What you need to do: Retype, exactly and with nothing added, the lines from the one showing "Maison à SAINT-JEAN-DE-MONTS" through the final line of the material. Omit pictures.

Data shown:
☆ ☆ ☆ ☆ ☆ ☆ ☆
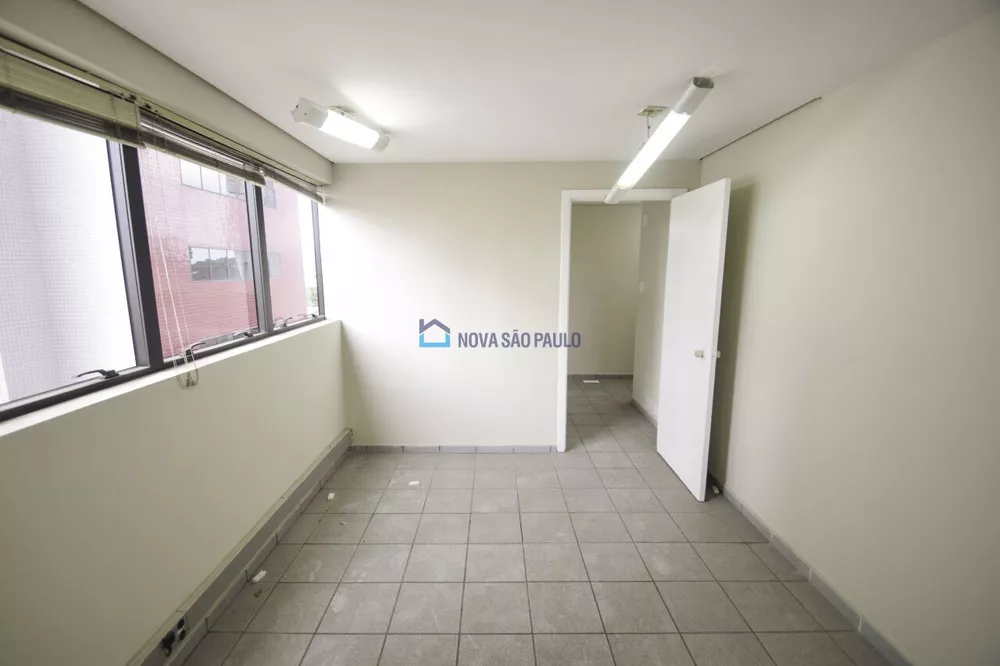 Conjunto Comercial-Sala à venda, 32m² - Foto 2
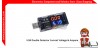 USB Doctor Double Detector Current Voltage & Ampere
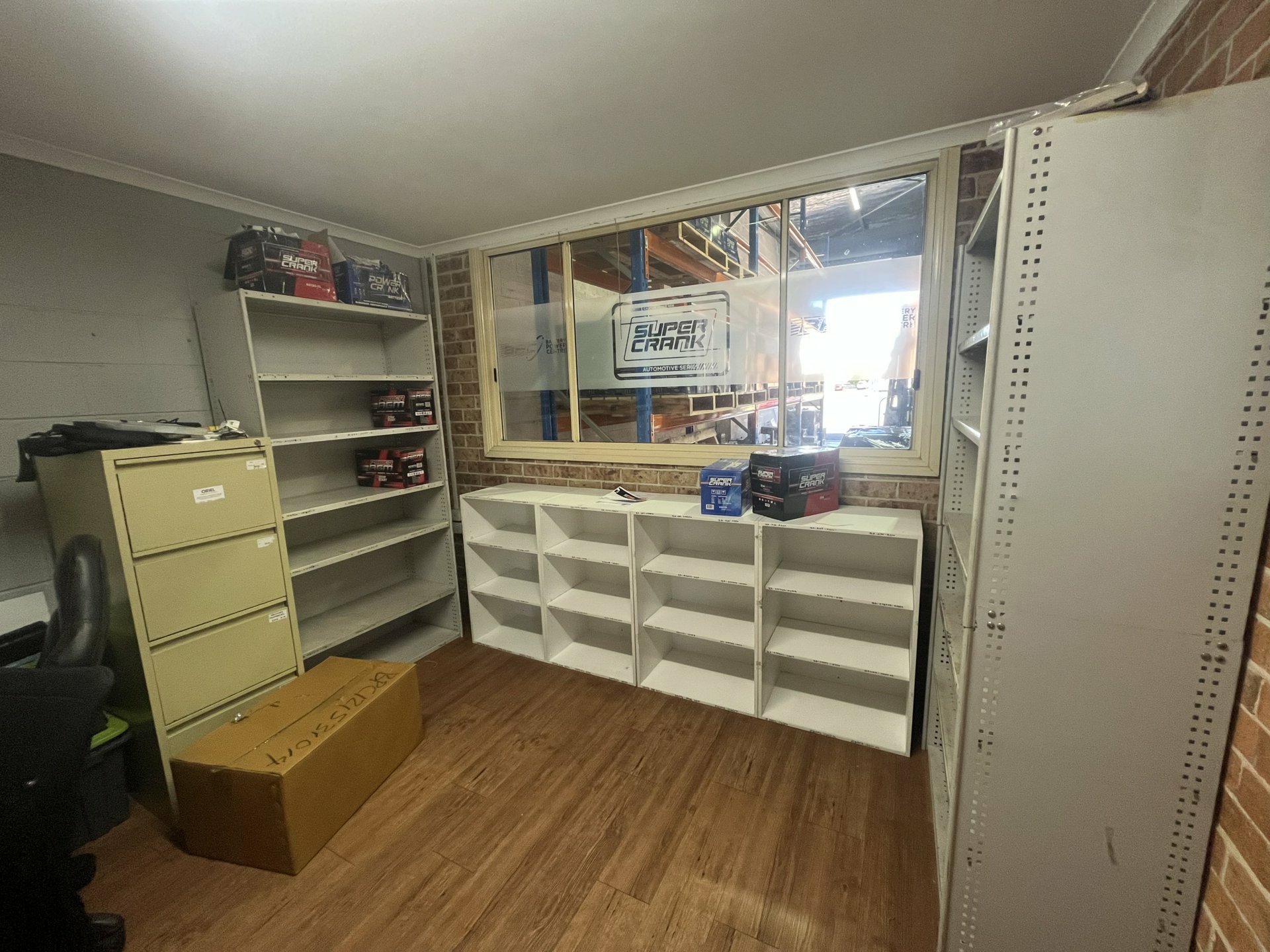 Shop 1/41 Erskine Street — photo 6 of 6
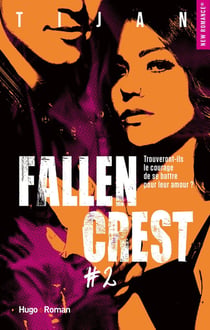 Fallen crest Tome 2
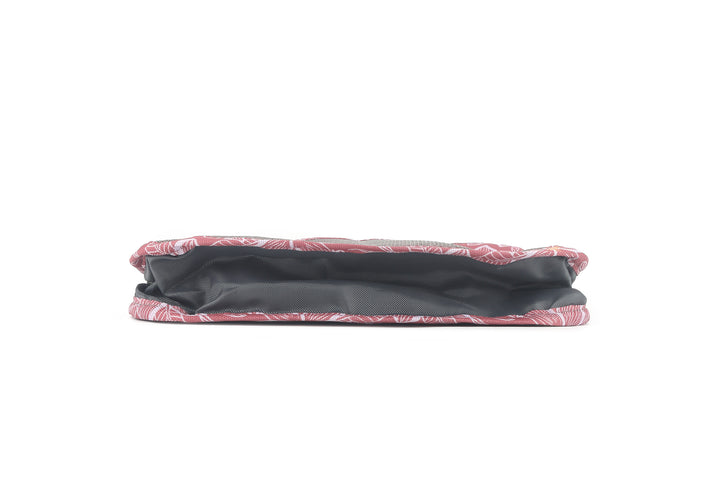 Bag Organizer Makiko Large Plumeria Pink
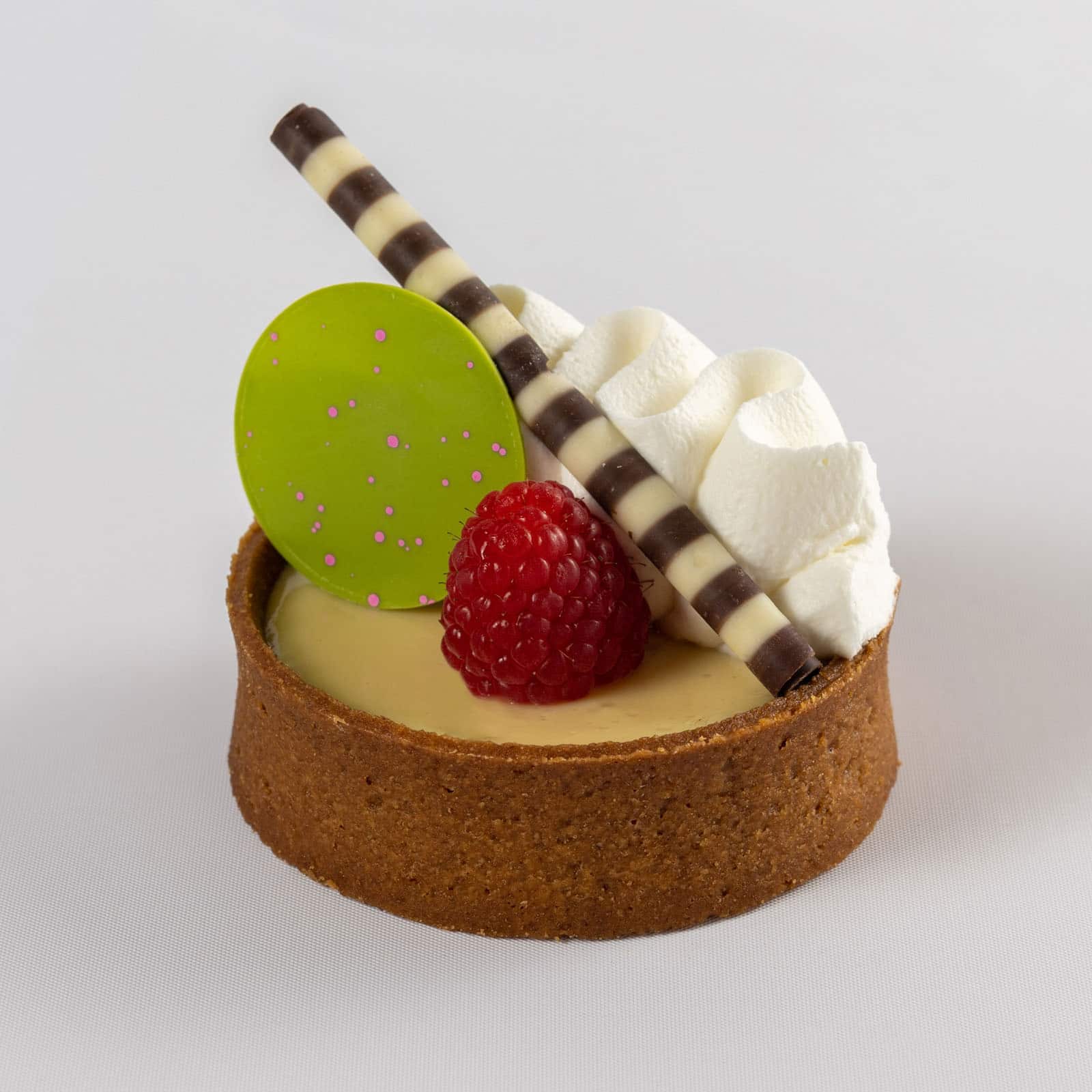 Key Lime Pie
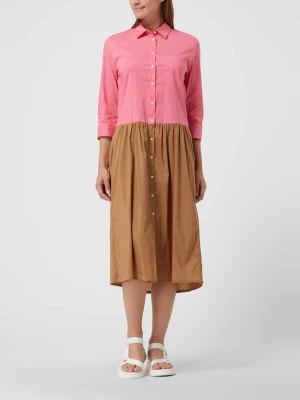 Zdjęcie produktu Sukienka koszulowa w dwóch kolorach Nadine H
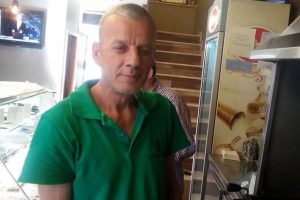 Bursa'da ızgara ustası evinde &ouml;l&uuml; bulundu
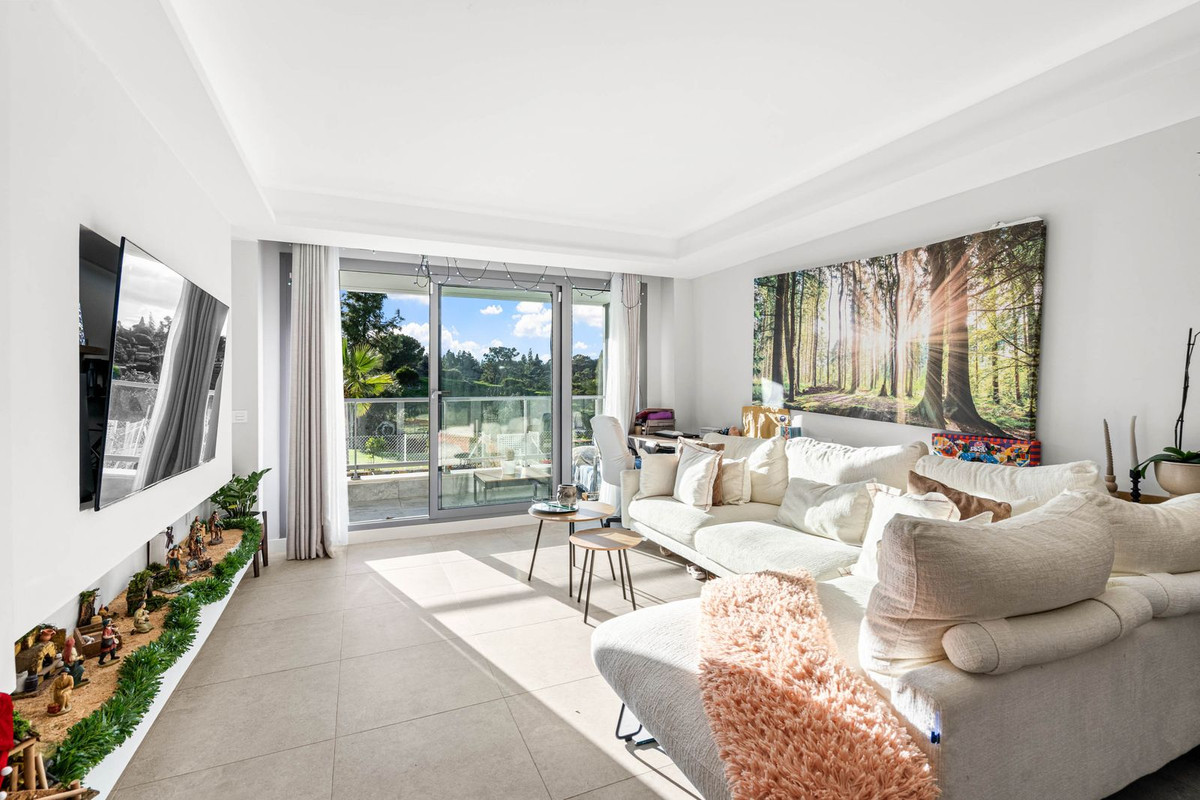 Appartement te koop in Mijas Costa | 3 slaapkamers H5258200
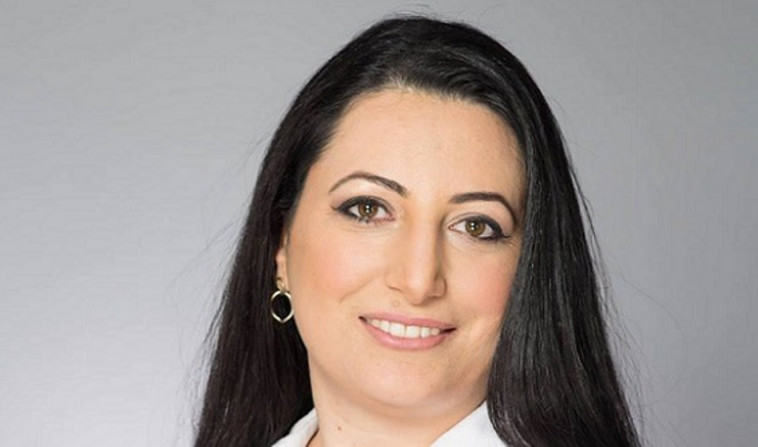 עורכת הדין ליבנה קציר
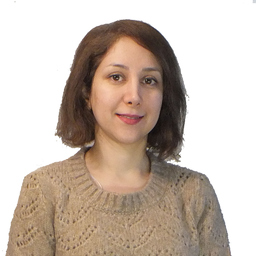 Negar Arianmehr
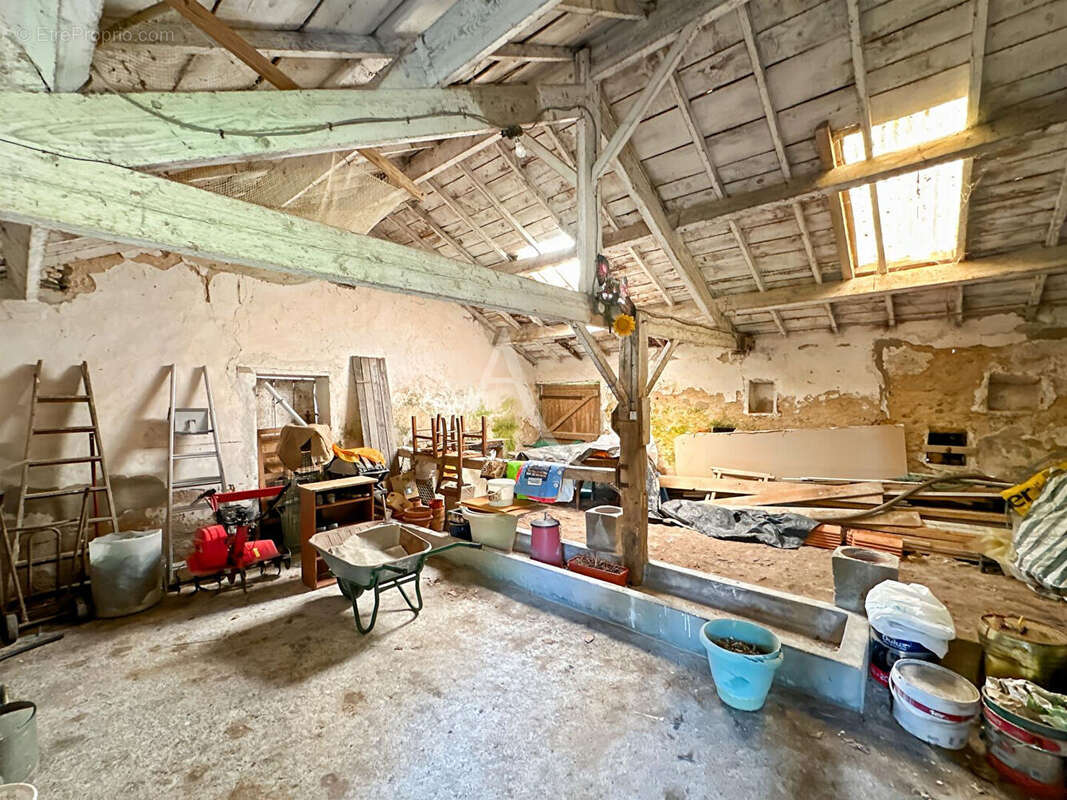 Maison à SAINT-JEAN-DE-MONTS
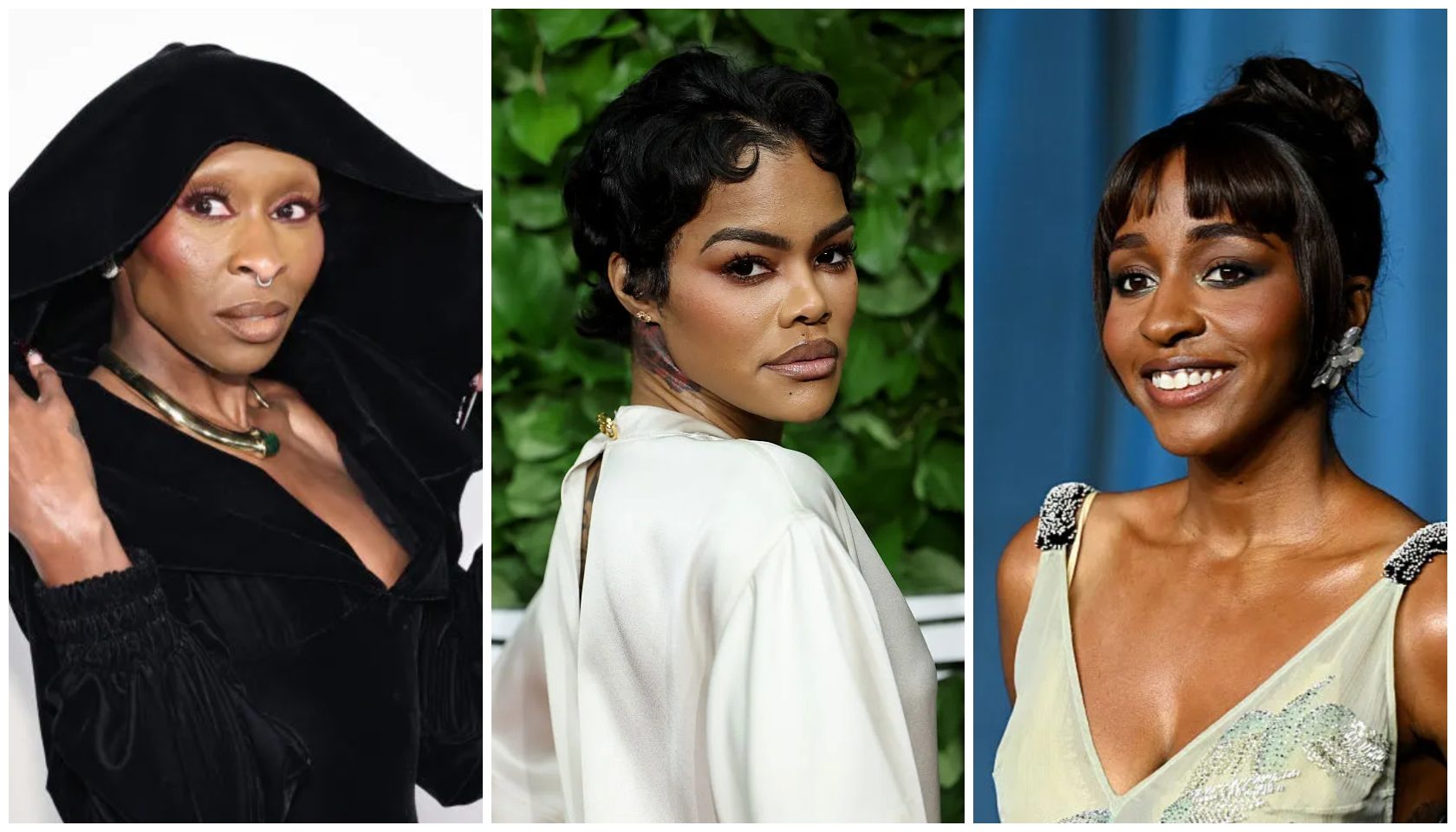 2026 Golden Globe Nominations – 10 Black Nominees Dominating 2026 Golden Globe Nominations – 10 Black Nominees Dominating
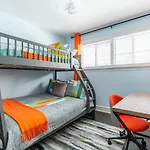Luxury 3Br House With Bbq By Globalstay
☆ ☆ ☆ ☆ ☆ ☆ ☆
Answer to this exercise:
 Maison à SAINT-JEAN-DE-MONTS
 2026 Golden Globe Nominations – 10 Black Nominees Dominating 2026 Golden Globe Nominations – 10 Black Nominees Dominating
Luxury 3Br House With Bbq By Globalstay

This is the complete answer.